This new play by Richard Cameron is another return to his South Yorkshire roots, to working class life in a nation that seems to reject the term, and the forgotten masses the phrase still describes. Though his script can get dark (very dark in the second half), the human spirit is always evident, if, especially in the character of Roma and her addiction to her thuggish boyfriend, that spirit can misdirect its enthusiasm.

The six actors are with us for over two hours in the tight space at the back of the pub and they're often difficult to look at (Holly Campbell's "bruises" causing audible intakes of breath around me as Roma returned to the refuge after another pounding), so performances need to be strong - and they are. Suzan Sylvester's Brenda is a typical getter of things done, mothering her battered mothers and rejecting the advances of police liaison officer, Jim, an oily unsympathetic character delivered with just the right amount of supercilious curled lip by James Hornsby. How she could ever have been involved with him is perhaps the only stretch of credibility in the play, despite the extremes of behaviour on show.

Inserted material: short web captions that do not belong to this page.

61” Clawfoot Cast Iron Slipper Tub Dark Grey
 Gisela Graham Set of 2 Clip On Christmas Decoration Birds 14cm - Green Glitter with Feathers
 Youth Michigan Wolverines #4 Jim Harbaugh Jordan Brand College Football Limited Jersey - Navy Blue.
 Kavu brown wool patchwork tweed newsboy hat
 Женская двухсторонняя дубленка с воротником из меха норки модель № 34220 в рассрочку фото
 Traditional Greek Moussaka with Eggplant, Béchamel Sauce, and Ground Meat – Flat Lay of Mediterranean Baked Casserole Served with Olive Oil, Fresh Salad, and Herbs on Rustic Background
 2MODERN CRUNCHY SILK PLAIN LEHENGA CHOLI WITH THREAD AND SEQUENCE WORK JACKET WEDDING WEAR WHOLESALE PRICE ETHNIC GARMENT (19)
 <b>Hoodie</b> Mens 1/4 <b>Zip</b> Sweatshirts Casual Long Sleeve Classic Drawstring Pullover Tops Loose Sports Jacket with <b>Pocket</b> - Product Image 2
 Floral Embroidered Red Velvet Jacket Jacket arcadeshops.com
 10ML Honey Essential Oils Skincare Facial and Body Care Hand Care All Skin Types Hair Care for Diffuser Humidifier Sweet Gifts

Best of the lot is Delie, poor Delie, whom we so want to "grow up" to enjoy the pleasures of romantic love, but whom we fear will end up with the kind of boys who exploit her aching desire to belong with trials of loyalty like self-administered tattoos - and worse, much, much worse. Emma Hook is compelling on stage, her energy uncontainable by comfortable jersey tops and bottoms - but her Delie is a real person, no cardboard cutout victim to help make political points. Delie is not above threatening those closest to her with revealing their secrets if she feels like her own relationship with her "boyfriend" is in jeopardy - but even as she lashes out, we can see in her eyes that it's hurting her.

And Delie can sing, really sing, on the karaoke in the Welfare, dressed like her 60s Motown heroines, with Brenda and her friend / part-time chaperone George at her side. She belts out Carole King's One Fine Day (in the style of The Chiffons) which made me think of another sorely abused woman, Butterfly, singing of her plaintive and hopeless dream of life with the bastard Pinkerton, Un Bel Di. But I needn't have looked that far - Gerry Goffin's lyrics were enough to describe Delie's vulnerability to ruthless men, their rein ever freer, their reign of terror ever more terrible as the state retreats from its social obligations.

One fine day, you're gonna want me for your girl.

But he won't, and because women like Delie and Roma are not "his girl" - they're "our girl". We should recognise that and do more - much more - to protect these women and to help them rebuild their communities, shattered a generation ago in an ideological war and no closer to salvation now.